▸ **WORK INSTRUCTION**:
Leave out the pictures and copy each record below exactly.

▸ **SOURCE MATERIAL**:

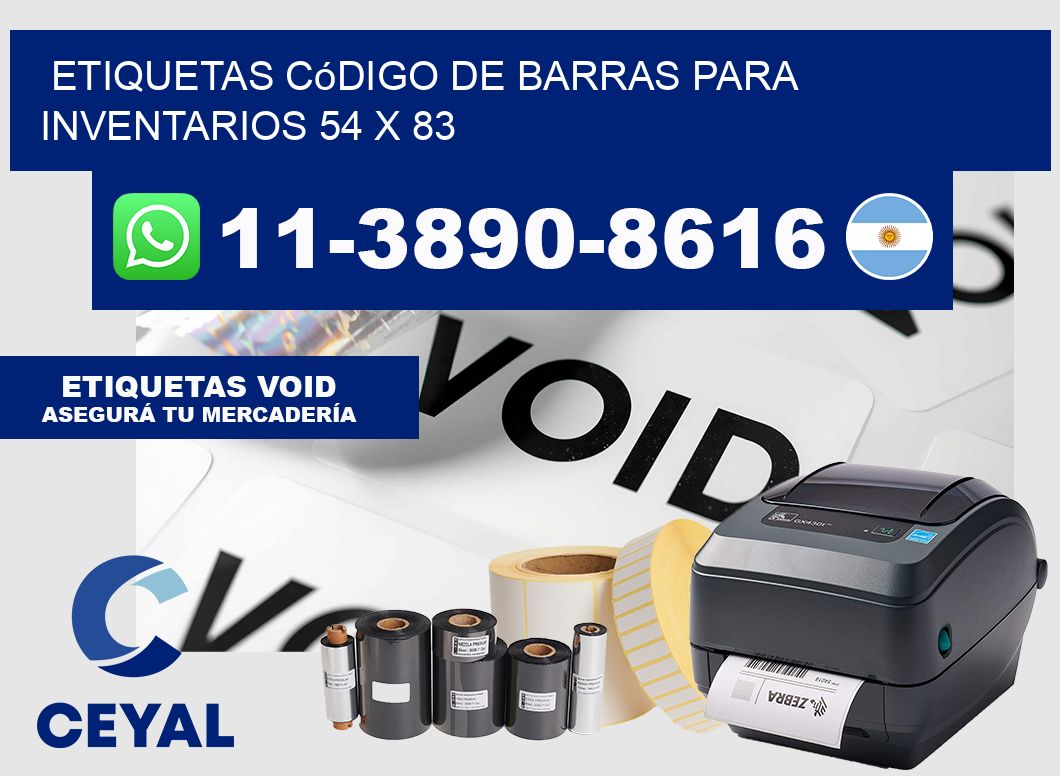 Etiquetas código de barras para inventarios 54 x 83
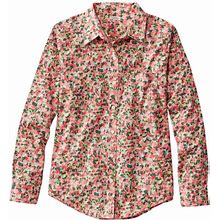 Women's Wrinkle-Free Pinpoint Oxford Shirt, Relaxed Fit Long-Sleeve Print Sunlit Coral Floral Large, Cotton | L.L.Bean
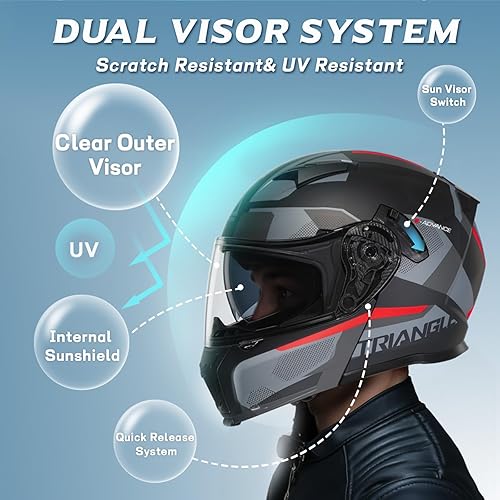 Miniatura 4 de TRIANGLE Cascos de motocicleta modulares para hombres con visera completa abatible, visera doble con protector solar interno, aprobado por DOT
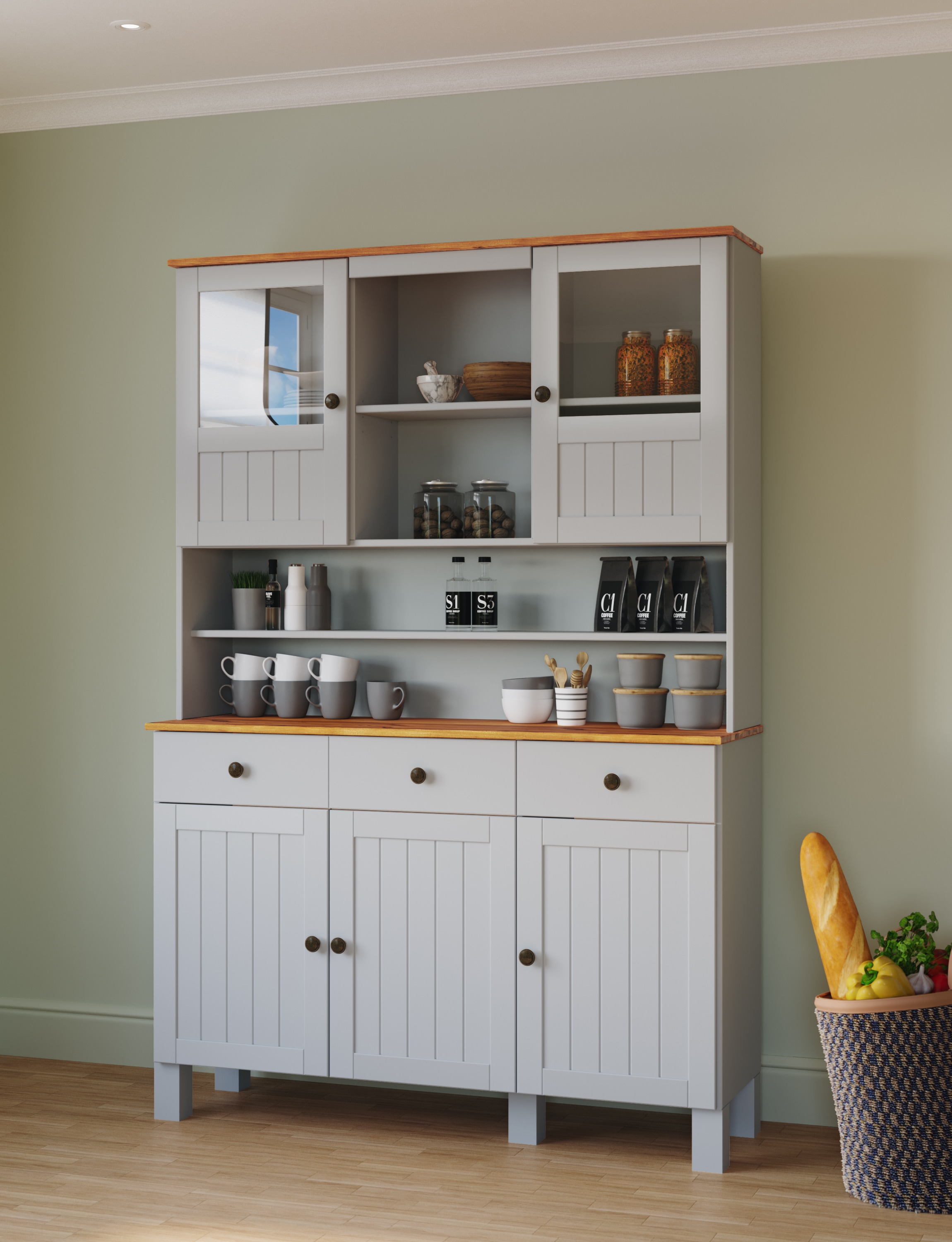 Home affaire Küchenbuffet »Alby2«, Mit Metallgriffen, Breite 125 cm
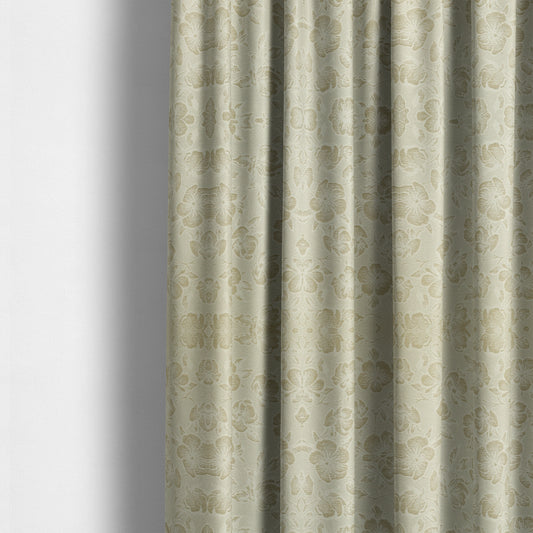 Fabriano Floral Pattern Chenille Type Cream Beige Upholstery Fabric CTR-937 - Made To Measure Curtains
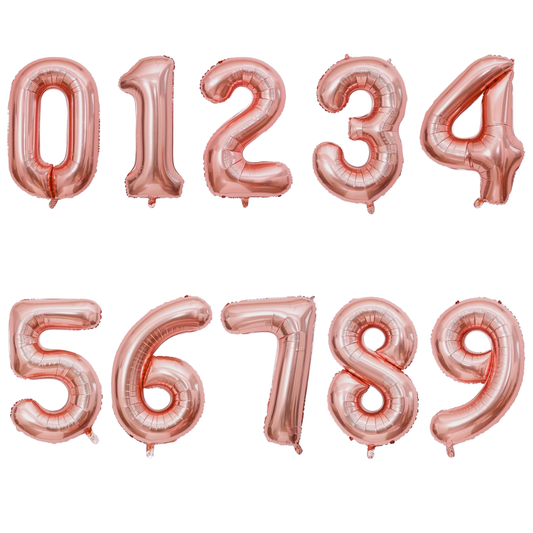 Ballons Chiffres Rose Gold - 16 Pouces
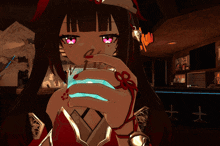 a girl with red nails is holding a playing card in front of a sign that says bar night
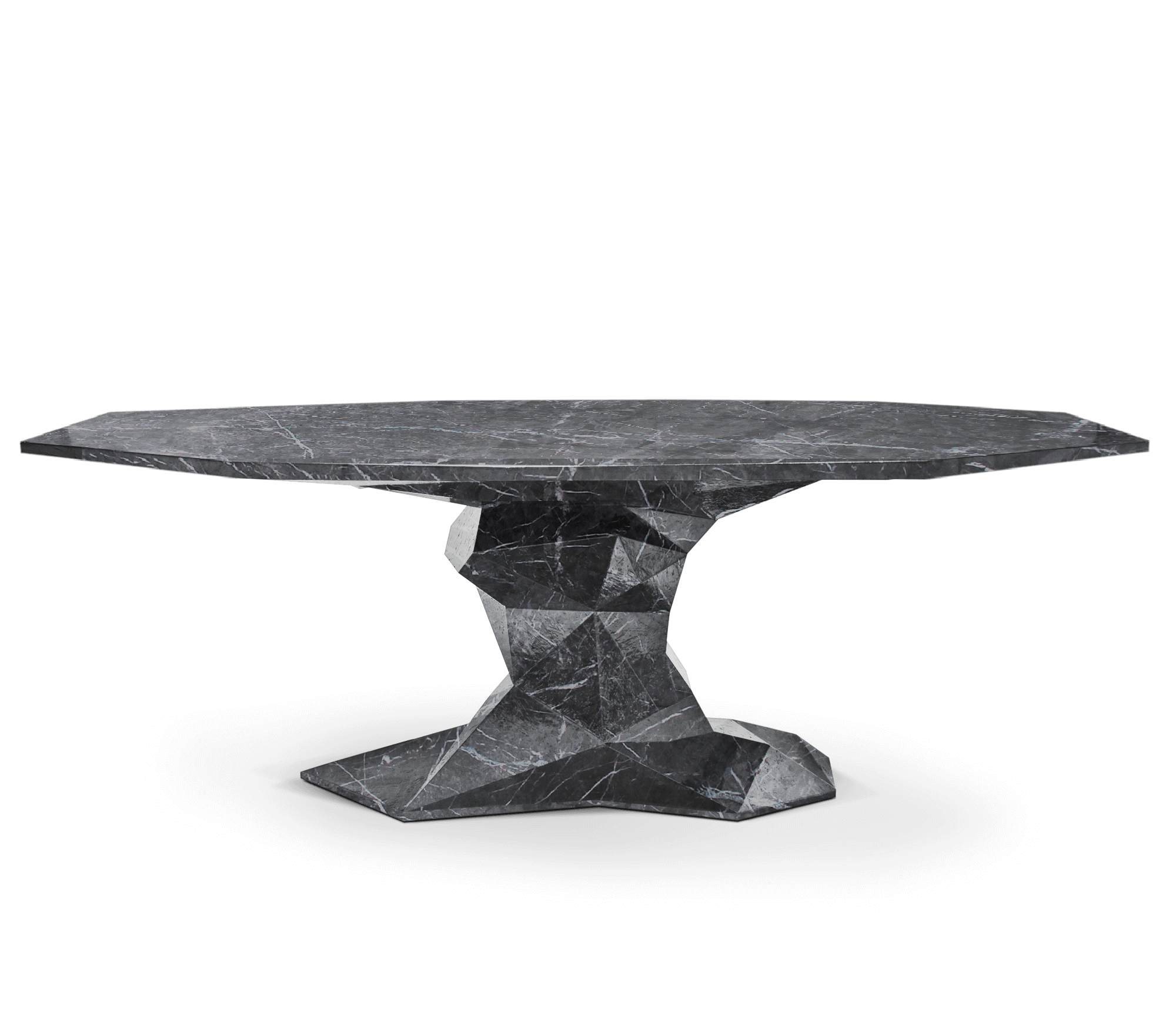 Faux-Marble Luxe Dining Table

▸ **TASK ANSWER**:
 Etiquetas código de barras para inventarios 54 x 83
 Women's Wrinkle-Free Pinpoint Oxford Shirt, Relaxed Fit Long-Sleeve Print Sunlit Coral Floral Large, Cotton | L.L.Bean
 Miniatura 4 de TRIANGLE Cascos de motocicleta modulares para hombres con visera completa abatible, visera doble con protector solar interno, aprobado por DOT
 Home affaire Küchenbuffet »Alby2«, Mit Metallgriffen, Breite 125 cm
 Fabriano Floral Pattern Chenille Type Cream Beige Upholstery Fabric CTR-937 - Made To Measure Curtains
 Ballons Chiffres Rose Gold - 16 Pouces
 a girl with red nails is holding a playing card in front of a sign that says bar night
 Faux-Marble Luxe Dining Table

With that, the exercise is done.